Christopher’s use of cords, strings and bands as embellishments to her
sculpture is a new development in her work.
Held Line
(p.25) is a larger, curved piece
of bronze held in gentle tension by two cords and
White Lines
(p.21) and
Light Shadow
(p.33) also incorporate their use. Here there is a clear crossover between the
sculpture and the drawings. The title of the drawing series, made in Ireland,
Drawing
Lines
(p.14) sees Christopher drawing lines with string as well as physically drawing lines
in charcoal and graphite. The starting point for
Drawing Lines -6
was a white line of
light on the horizon with a cloudy sky above, the setting sun shining on the very edge
of a dark sea. Christopher’s interpretation finds form in a drawing of dense charcoal,
the white line left as a negative space and a piece of mylar (a thick opaque paper) hung
over the charcoaled paper with metal clips, like little half-moons peeping over the top.
The drawing also incorporates shredded nylon string which Christopher found on
the beach and rubbed and pressed hard over the mylar, biting into the surface
leaving marks that recall the ghosts of the seaweed she saw on morning walks.

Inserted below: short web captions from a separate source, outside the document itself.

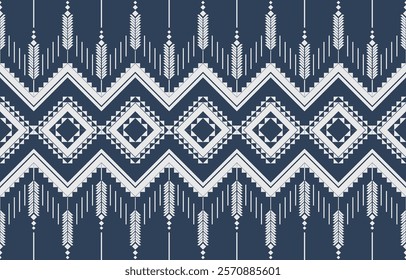 Geometric ethnic oriental ikat seamless pattern  color oriental. Aztec ornament print. Design for background ,curtain, carpet, wallpaper, clothing, wrapping, Batik, vector illustration.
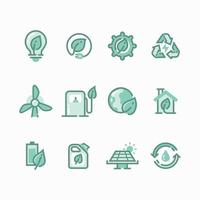 Set Eco Friendly Technology Icon vector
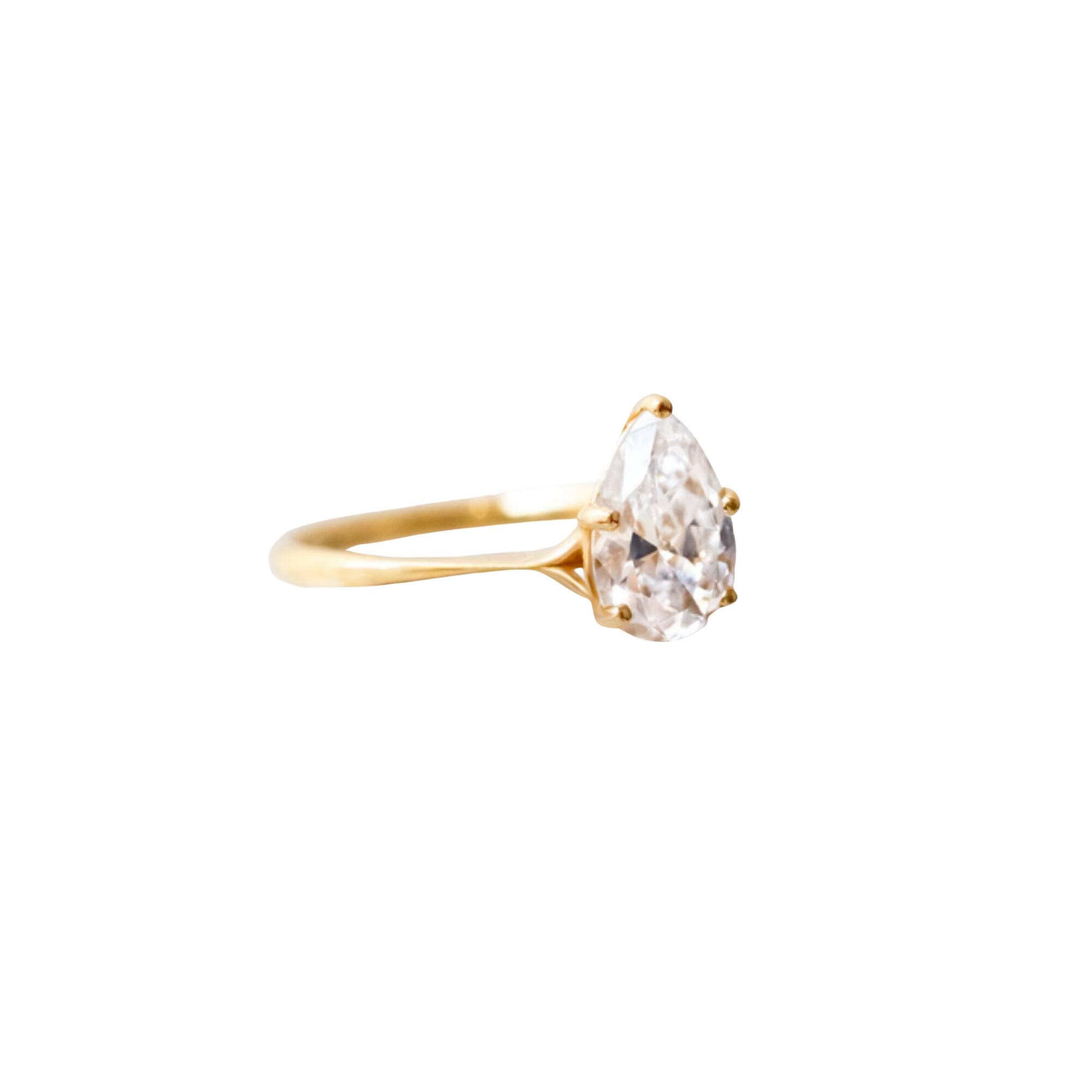 Womens Lily Flo Jewellery Cassiopeia Pear Diamond Claw Set Ring Size K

The cotton string, dyed black, which zig-zags across the surface are reminiscent
of the telephone wires that divided the big grey skies seen from her Irish studio.
The largest sculpture:
Restless Shadow
(p.11), is a grand and magisterial piece which
leans nonchalantly against the wall, its gentle curve just touching at the top. It started
life with two pieces of wood which Christopher leant against the wall and spent many
months simply looking at. She moved them around, eventually into a larger space
where the sunlight caught them, the shadows following the sun, softly or sharply,
depending on the intensity of the season. Then by electric light they looked different
again. The tall tapering forms fabricated in corten steel are drawn together towards the
top by a small intricate locking piece, and rounded off smoothly. Christopher confesses
that she herself felt restless during its long gestation, to which the moving shadow is
a living testament.
From
Restless Shadow
to the smallest of the sculptures, inspired by such
disparate and mundane objects as a magnetic soap-holder and a tiny bobbin, there
is an unmistakeable thread of shape-consciousness in Christopher’s work. It runs
from the tall aspiring cone, perhaps inspired by skyscrapers or missiles, to the
axe-head, with its ceremonial suggestions. Behind it all stands the landscape, with
its wind-bent trees and grasses, caves and hollows, and above all the rocky coast,
with its seaweed-draped boulders and the eternal roar of the sea, contrasting with
the absolute precision of the machine-made line. Thus the natural world and the
man-made world come, not into collision, but into a seamless harmony. Ann Christopher’s
work combines antiquity and modernity, her voice is calm and serene, qualities urgently
necessary in our increasingly frantic world.